Determinant of a large block matrix $\newcommand{\lmt}{\left[\begin{matrix}}$
$\newcommand{\rmt}{\end{matrix}\right]}$
Hi,
I was reading through a proof of the number of domino tilings of a $(2n)\times(2n)$ chessboard, and somewhere in the proof was the following unjustified claim:
Let $A=\lmt 0&1&0&\cdots&0\\
-1&0&1&\ddots&\vdots\\
0&-1&0&\ddots&0\\
\vdots&\ddots&\ddots&\ddots&1\\
0&\cdots&0&-1&0
\rmt$ and $B=\lmt 0&1&0&\cdots&0\\
1&0&1&\ddots&\vdots\\
0&1&0&\ddots&0\\
\vdots&\ddots&\ddots&\ddots&1\\
0&\cdots&0&1&0
\rmt$. In case my notation isn't clear, they have $\pm1$ on the superdiagonal and subdiagonal and $0$ everywhere else.
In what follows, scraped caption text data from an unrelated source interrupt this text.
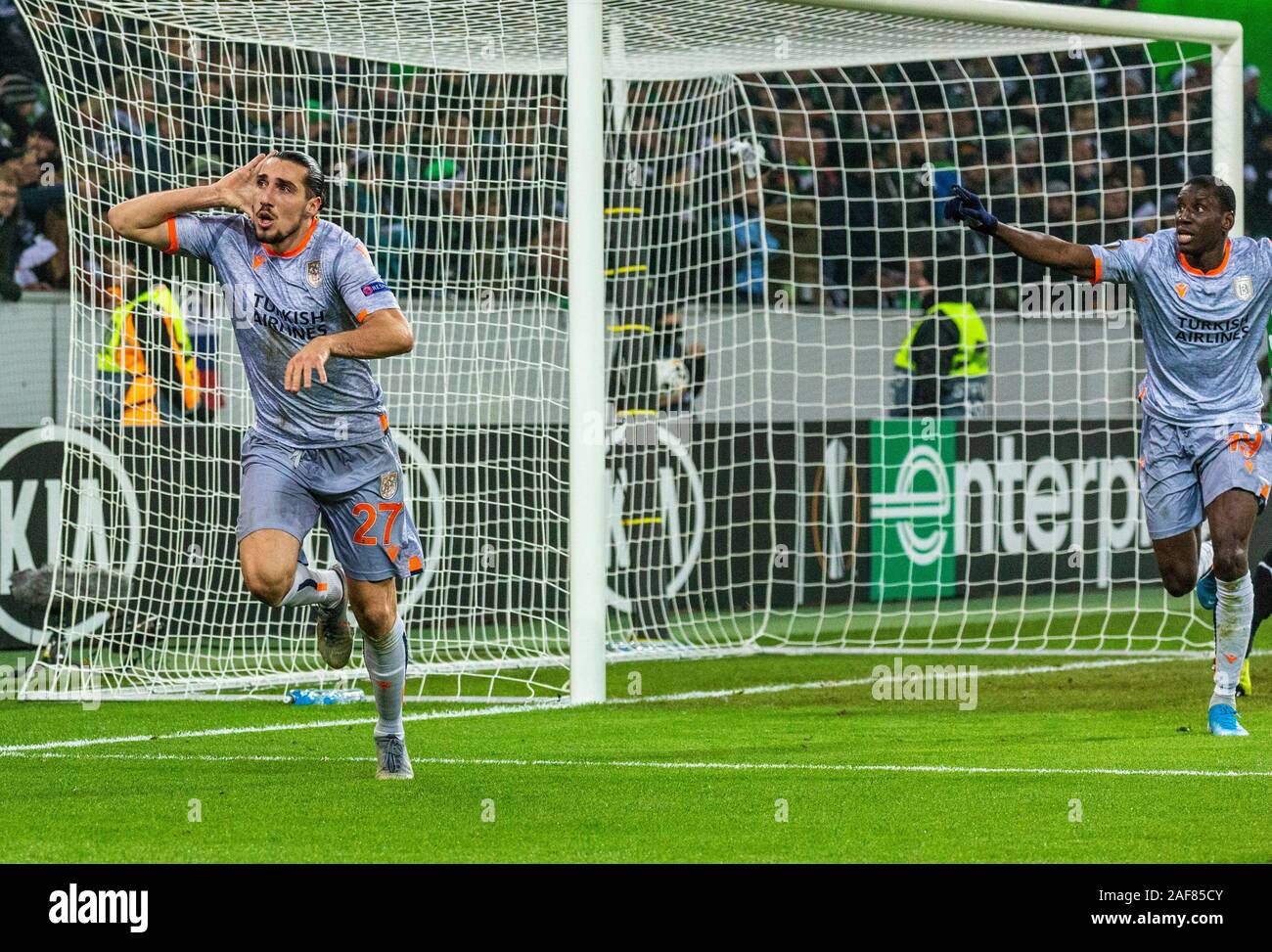 sports, football, UEFA Europe League, 2019/2020, Group Stage, Group J, Matchday 6, Borussia Moenchengladbach vs. Istanbul Basaksehir FK 1-2, Stadium Borussia Park, rejoicing at the 1-2 winning goal, left goal scorer Enzo Crivelli (Bas), right Demba Ba (Bas) Stock Photo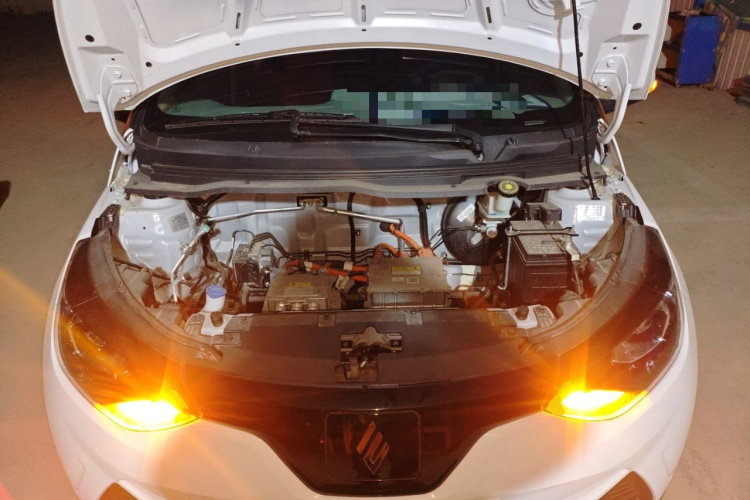 江铃集团新能源 易至EV2 2024款 201km 舒适型机舱底盘24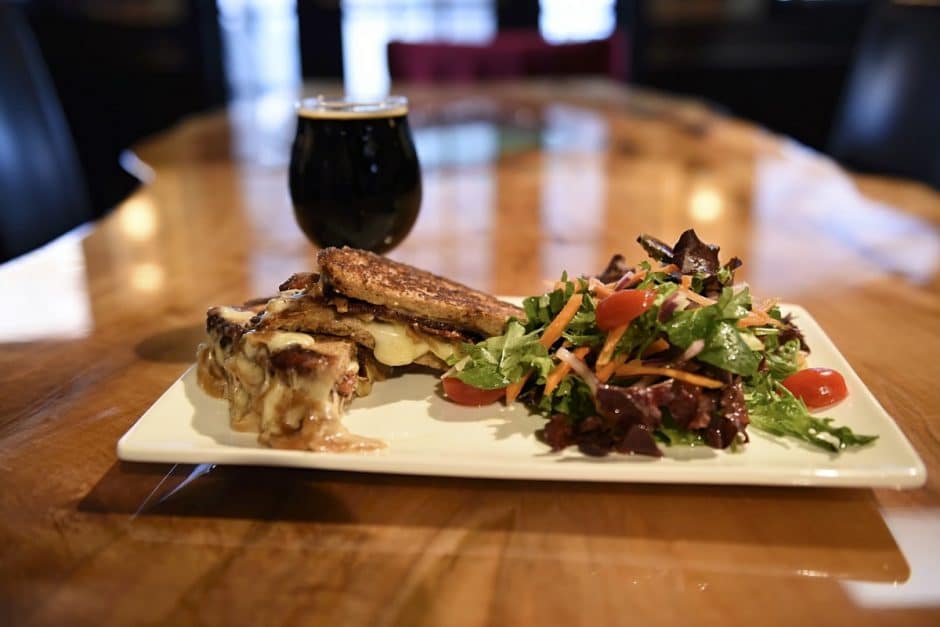 First Look Righteous Taphouse Does Everything Right — The Town Dish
Let $C$ be the matrix with blocks $\lmt -A&I&0&\cdots&0\\
I&-A&I&\ddots&\vdots\\
0&I&-A&\ddots&0\\
\vdots&\ddots&\ddots&\ddots&I\\
0&\cdots&0&I&-A
\rmt$.
Let $p_B$ be the characteristic polynomial of $B$. Then, the claim is that
$$ \det C = \det p_B(A). $$
This was stated without proof, so I'm wondering if this follows from a well-known theorem, or if there's a slick proof of it.
Also, I'm curious to what extent this claim generalizes. Thanks!
 A: Yes, this works fairly generally. (I don't know if this is "well known," maybe to others, I didn't know it before.)
Since $B$ is self-adjoint, we can diagonalize it by a unitary transformation: $U^*BU=\textrm{diag}(b_1, \ldots , b_{2n})$. Moreover, this also works for the block versions of these matrices, in the following sense: if we let
$$
\mathcal U = \begin{pmatrix} u_{11}I & u_{12}I & \ldots & u_{1,2n}I\\ && \ldots & \\
u_{2n,1}I & u_{2n,2}I & \ldots & u_{2n,2n}I
\end{pmatrix} ,
$$
with the matrix elements $u_{jk}$ of $U$, then this $\mathcal U$ is still unitary and $\mathcal U^*\mathcal{B}\mathcal U=\textrm{diag}(b_1I, \ldots , b_{2n}I)$. Here, I write $\mathcal B$ for the block version of $B$, where we replace the $1$'s with $I$. Similarly, $\mathcal A$ will denote the matrix with $A$ on the "diagonal" and $0$'s everywhere else.
Then
$$
\det C = \det (\mathcal{B-A})=\det(\mathcal{U^*(B-A)U}) =\det\textrm{diag}(b_1I-A, b_2I-A, \ldots , b_{2n}I-A) .
$$
The last step uses that $\mathcal{U^*AU}=\mathcal A$, and this follows because $\mathcal U$ is unitary with blocks that are multiples of $I$ and $\mathcal A$ is block diagonal (just writing it out will give it quickly).
Thus $\det C=\prod \det (b_jI-A) = \det \prod (b_j I-A) = \det p_B(A)$, as claimed.